En la primera ortografía académica, publicada en 1741, se entiende la puntuación en un sentido amplio, pues se incluye bajo los epígrafes a ella dedicados información sobre numerosas notas o marcas que hoy se clasifican como signos ortográficos diacríticos (tilde y diéresis), como signos auxiliares (apóstrofo, asterisco, calderón, etc.) o como recursos o elementos tipográficos (cursiva, llamadas de notas al margen, etc.). Al inventario básico de signos de puntuación registrados en el Diccionario de autoridades, la Orthographía de 1741 añade las comillas y el signo equivalente a los actuales puntos suspensivos, mientras que la de 1754 introduce una de las peculiaridades del sistema de puntuación del español: los signos de apertura de interrogación y de exclamación.

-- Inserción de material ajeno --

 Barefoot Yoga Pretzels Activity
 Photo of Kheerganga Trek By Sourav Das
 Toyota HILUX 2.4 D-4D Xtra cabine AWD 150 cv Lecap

Durante el siglo XIX, queda establecido el inventario de signos de puntuación que conocemos en la actualidad: en la ortografía académica de 1815 se incorporan los corchetes como variante de los paréntesis, y a partir de 1880 se establece la distinción entre el guion y la raya, cuyos usos hasta entonces habían sido asignados todos al primero.

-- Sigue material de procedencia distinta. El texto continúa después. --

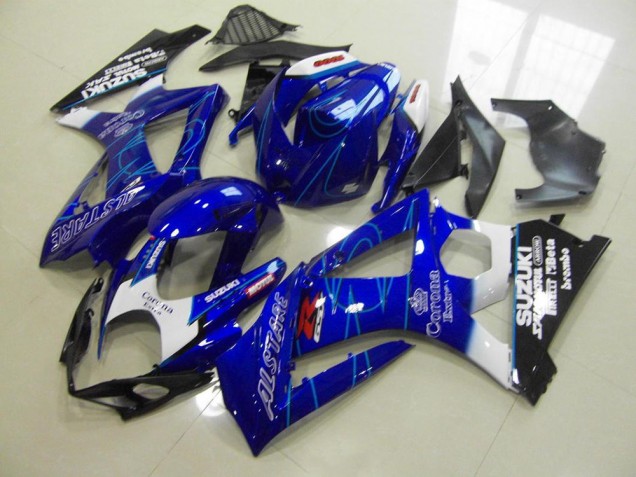Carénage Suzuki GSXR 1000 K7 07-08 - Bleu Corona Carénage Suzuki GSXR 1000 K7 07-08 - Bleu Corona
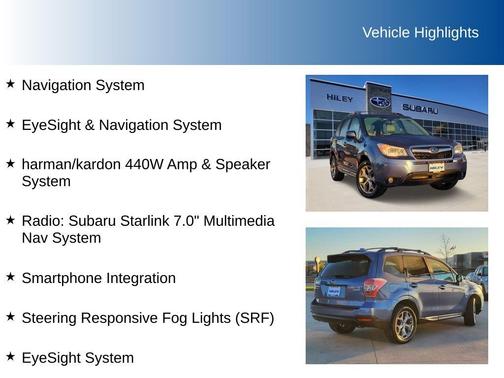 2016 Subaru Forester 2.5i Touring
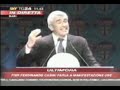 Casini: serve politica che dica anche cose sgradite (16/3)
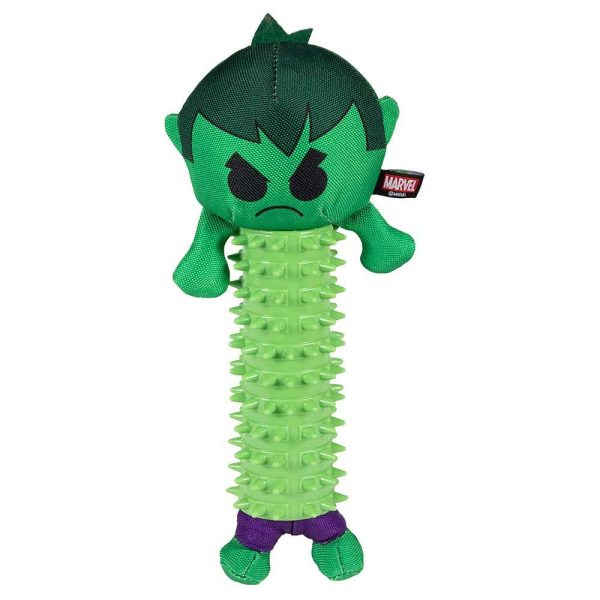 The Incredible Hulk Dog Teether Toy
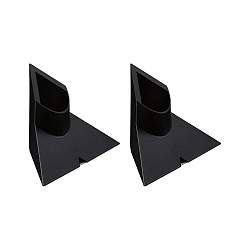 light bar BASE set of 2, vertacal, black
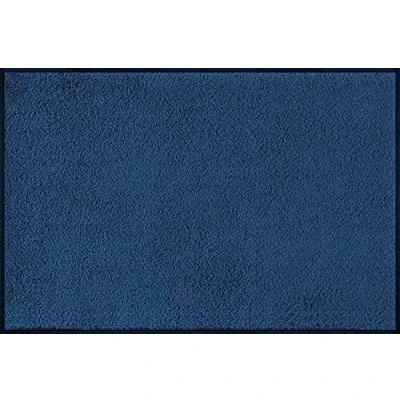 Obrázek Wash+Dry Rohož, originální námořnická modrá 60 x 90 cm, vnitřní a vnější, omyvatelná,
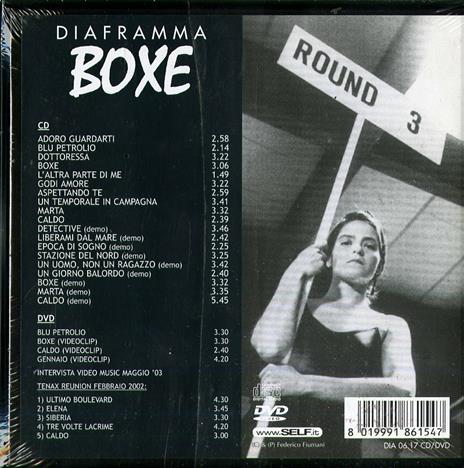 Boxe - CD Audio + DVD di Diaframma - 2
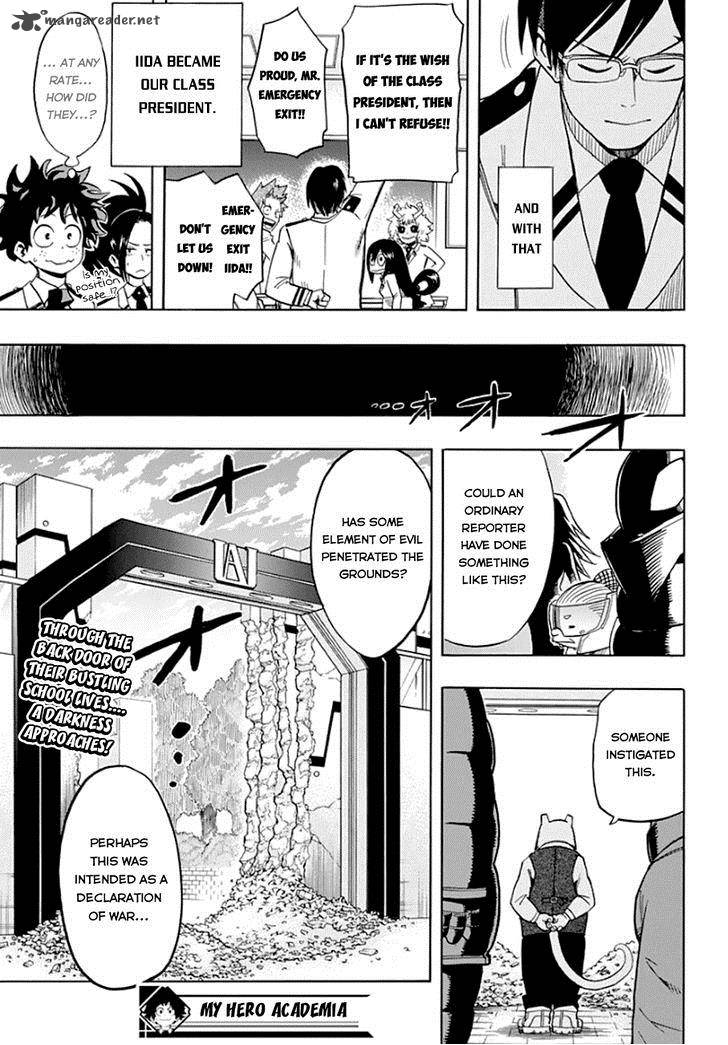 My Hero Academia Chapter 12 - Page 22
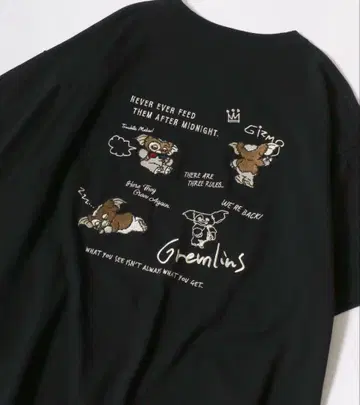 그렘린 티셔츠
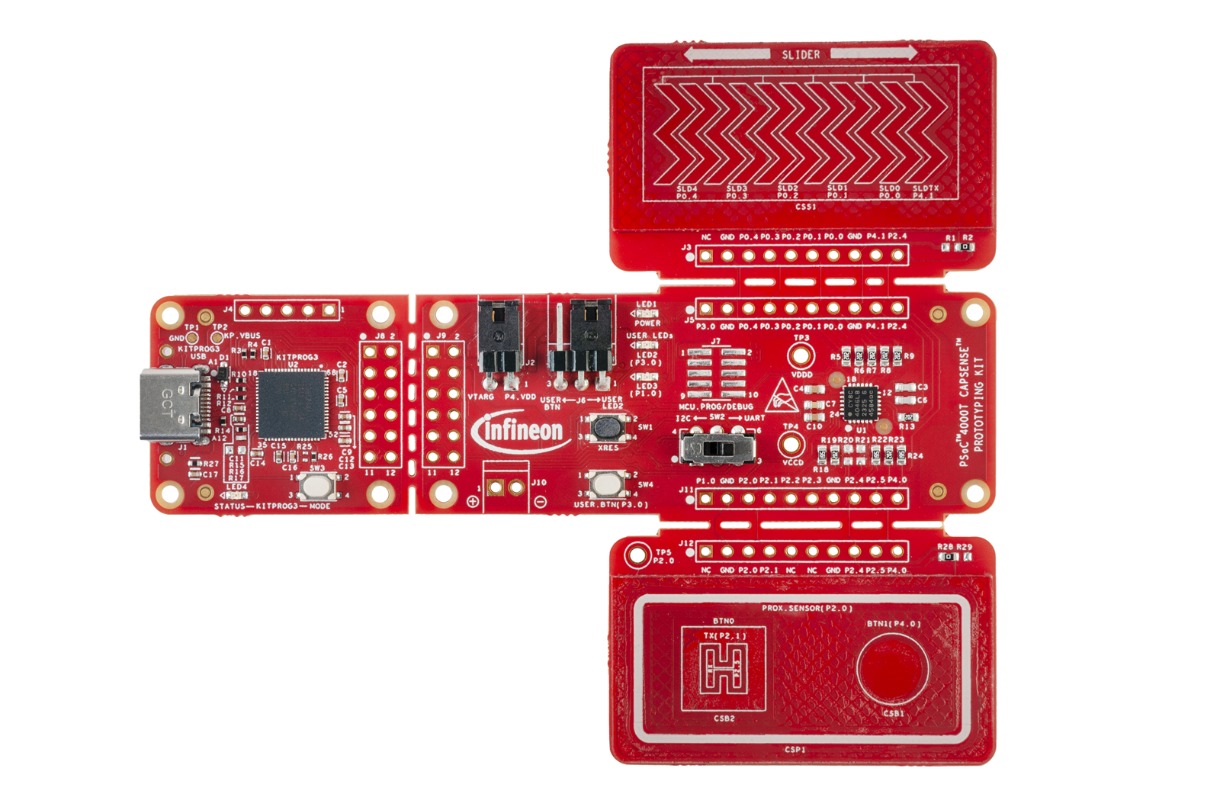 Infineon PSoC 4000T CAPSENSE CY8CPROTO-040T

Poco ha variado el inventario de signos de puntuación hasta hoy (frente al de signos auxiliares, actualmente muy amplio), pero el sistema sigue en evolución en lo que a usos se refiere. En este último sentido, muchas de las novedades responden a la necesidad de abarcar un mayor número de matices en la expresión de las emociones y actitudes del hablante y, por tanto, pertenecen a un registro escrito que podríamos considerar coloquial o informal. Muestra de ello son la multiplicación del número de signos de exclamación para expresar un mayor estupor, la inserción de un paréntesis con un signo de interrogación para expresar perplejidad, etc.

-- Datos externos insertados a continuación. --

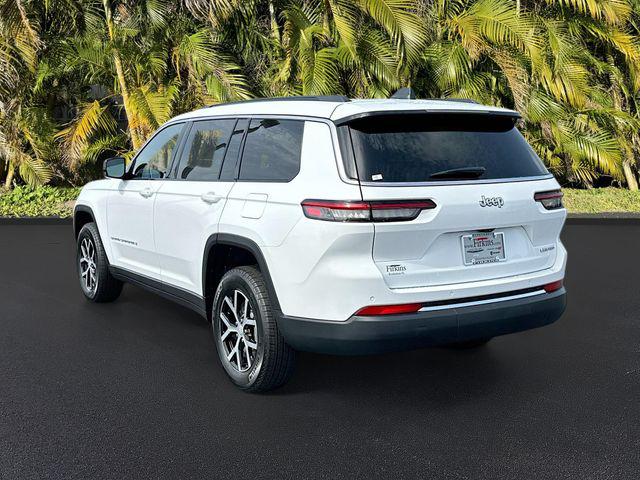 2025 Jeep Grand Cherokee GRAND CHEROKEE L LIMITED 4X2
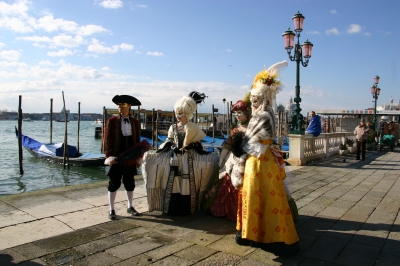 Karneval in Venedig Kostüme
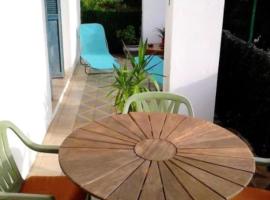 Appartement cosy au cœur de Bocognano avec vue sur montagne，位于博科尼亚诺的酒店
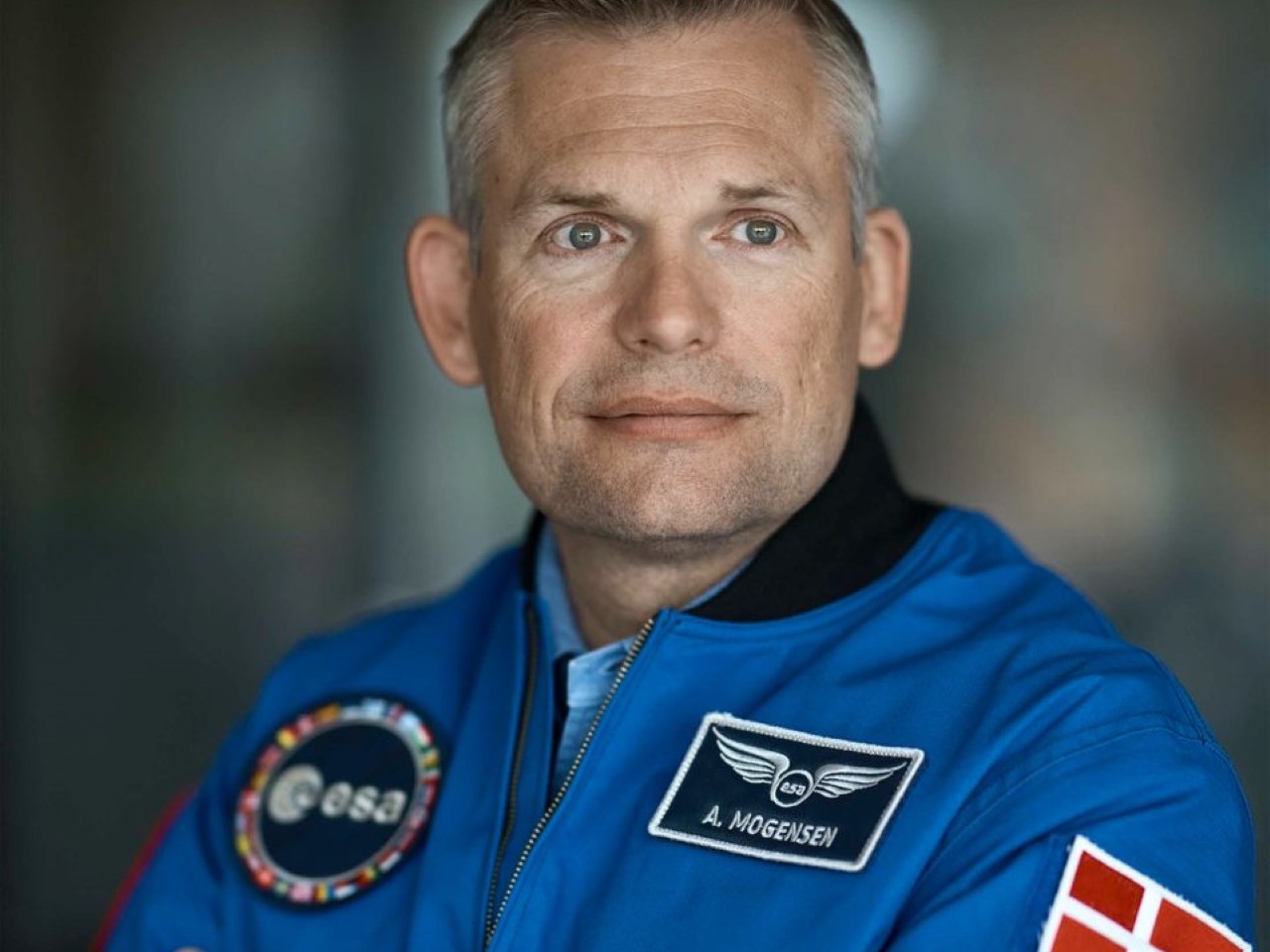 Der dänische Astronaut Andreas Mogensen wird mit einem Preis geehrt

A lo largo de la historia, al tiempo que se desarrolla el inventario de signos, se perfilan sus formas y se asienta su uso en los textos escritos, evolucionan los criterios que rigen su empleo. A partir del Renacimiento coexisten dos tendencias: una es la llamada puntuación prosódica o puntuación retórica, heredada de la tradición grecolatina y medieval, que privilegia el aspecto fónico del lenguaje y entiende que en el texto escrito los signos de puntuación deben indicar las pausas y la entonación; otra es la puntuación lógico-semántica, surgida en el siglo XVI con el auge de la lectura silenciosa, que da protagonismo al texto escrito y a la información que proporciona, por lo que trata de facilitar en él la identificación de las unidades sintáctico-semánticas.

Prevalece en la puntuación moderna este último criterio, que se va consolidando ya a finales del XVII y es el defendido en la Orthographía de 1741, para la que los signos de puntuación «no solo indican la división de la cláusula, sino el sentido de ella». El peso de la tradición grecolatina, sin embargo, queda patente a partir de la edición inmediatamente posterior, la de 1754, que retoma la vinculación clásica de los signos de puntuación con la entonación.